Exercise objective: None of the images should appear in your copy. Transcribe the data in full.

Input data:
**********

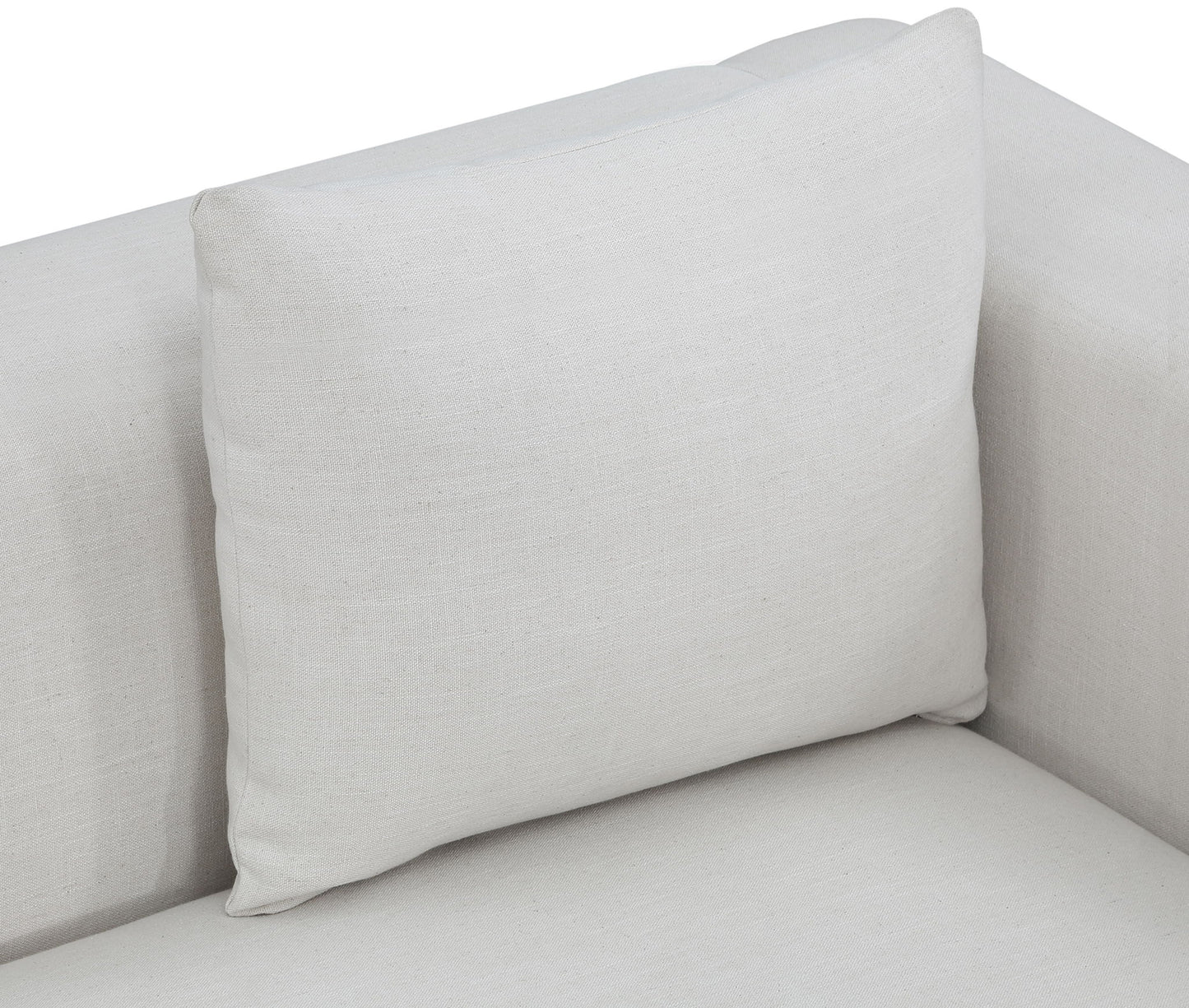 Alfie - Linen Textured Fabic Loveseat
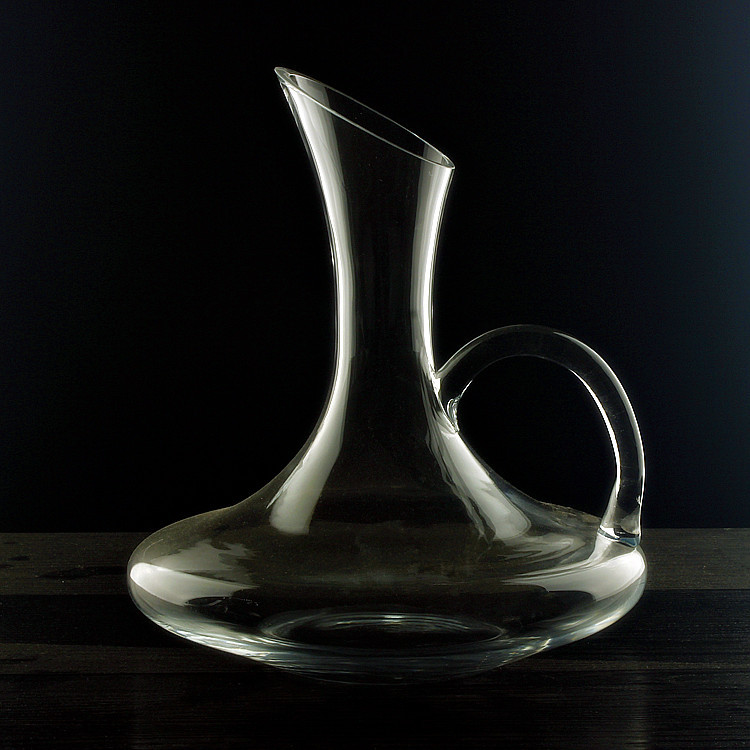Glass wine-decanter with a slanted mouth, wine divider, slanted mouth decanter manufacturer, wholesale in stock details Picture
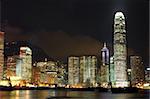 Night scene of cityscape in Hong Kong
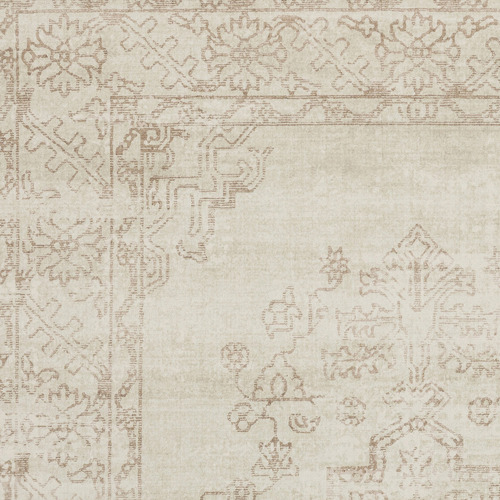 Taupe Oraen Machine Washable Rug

**********

Solution for this task:
 Alfie - Linen Textured Fabic Loveseat
Glass wine-decanter with a slanted mouth, wine divider, slanted mouth decanter manufacturer, wholesale in stock details Picture
 Night scene of cityscape in Hong Kong
 Taupe Oraen Machine Washable Rug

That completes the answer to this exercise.